Anand Tauji ki kahani, meri zabani


             My granduncle was a World War II veteran. As far as I knew he had always been old and had always worn a beautiful shiny set of false teeth although he worked in a dentist’s office. The dentist was Chinese. His daughter attended school with me. Anyway, this story is not about Chinese dentists and their daughters but about my granduncle and how he learnt Japanese. 
            The story he told went like this: He was a very young recruit in the army of the Indian Empire on his first mission, employed in Burma, fighting the Japanese, since Britain had declared war on the Nazis and the Japanese. Early one morning around dawn, while everyone was asleep, a Japanese platoon (or paltan, the hindi term my granduncle always used) attacked his paltan and killed off all the soldiers. Granduncle survived because like a good Hindu he had arisen at 4 and at 4:30 when the attack was taking place was 100 yards away, lightening his bowels.
Upon discovering the loss of his party and the fact that he was quite lost in the jungles of Burma, he set off on his own. Within the day, he was taken Prisoner of War. His captors were about to kill him, when the officer, the leader of the paltan called him into his tent to try and get information out of him. Stepping into the tent, my granduncle gesticulated at how cold it was in the tent and at a wound the officer had in his leg.

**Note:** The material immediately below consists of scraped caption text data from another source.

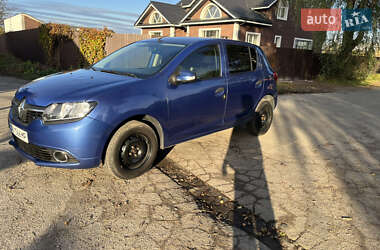 Хэтчбек Renault Sandero 2014 в 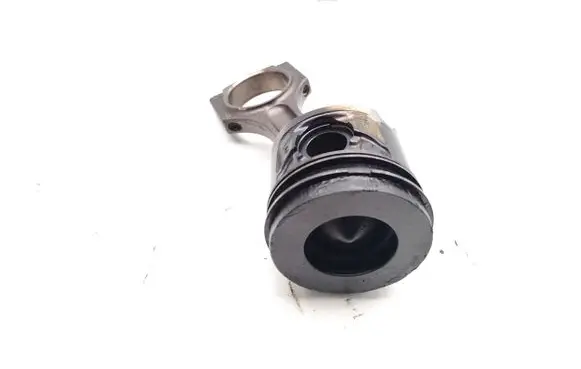 BMW 5 F10 F11 Piston with connecting rod N47D20C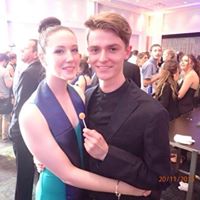 Emily Groves Photo 40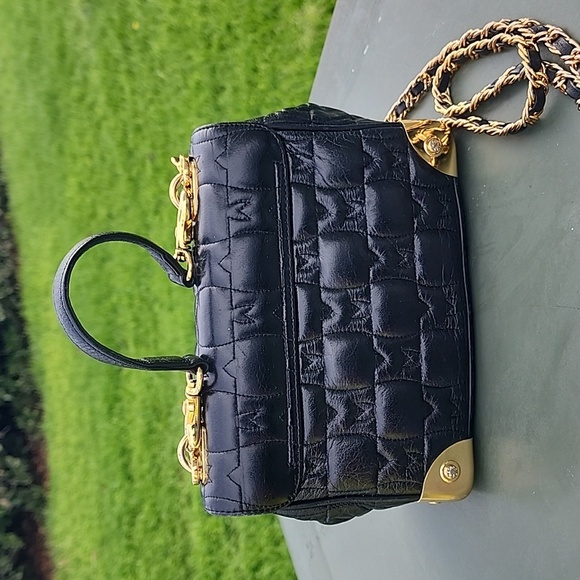 METROCITY Black Embossed Logo Quilted Leather Mini Bag - Picture 3 of 16
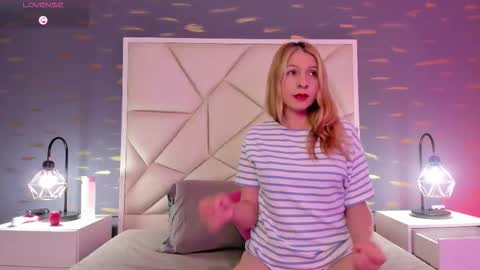 Snapshot of alexafoxx_ chatting on February 26, 2026, 12:59 pm online show from February 26, 2026, 12:59 pm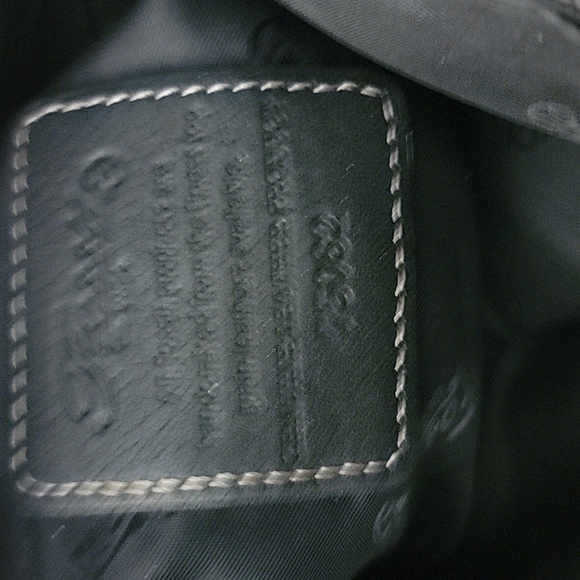 Authentic Fossil 100% Genuine Leather Duffle Handbag with Braided Straps - Picture 4 of 11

Using his charm and ingenuity, my intrepid relative bought time by preparing a healing poultice for the officer’s wound, using his knowledge of Ayurveda and the local plants and herbs. He also suspended his death sentence by showing the officer and his men how to use locally found material to stuff their blankets in the certain way so their makeshift beds were more comfortable. (Or so he said). He said that he really did not feel any anger or hatred for these fellows, not even as much annoyance as he had felt for those whose war he was fighting. He did not feel like he was betraying anything making himself useful to them as a odd-jobs man. 
He was an official prisoner of war for eight months, although he said, when he told the story, that he really was a prisoner of war for about four hours, a useful enemy for two weeks and a not-enemy-but-untrustable-friend for over seven months. They didn’t let him fight but they also actively did not let him die and they who had been his oppressor’s enemy stopped being his enemy although he had never really seen it that way before anyway. When the platoon was moving out of the area, they let him go, with good wishes, smiles and two days supply of food.
             Konnichiwa! Konbanwa! Gohan! Hai! Agemasho! Yosh! Gambarimasu! To-u! Granduncle would rattle off the 8 words of Japanese he remembered from those eight months. He could not, when asked, remember the names of any of the soldiers in that Japanese paltan or how he eventually found his way home to safety.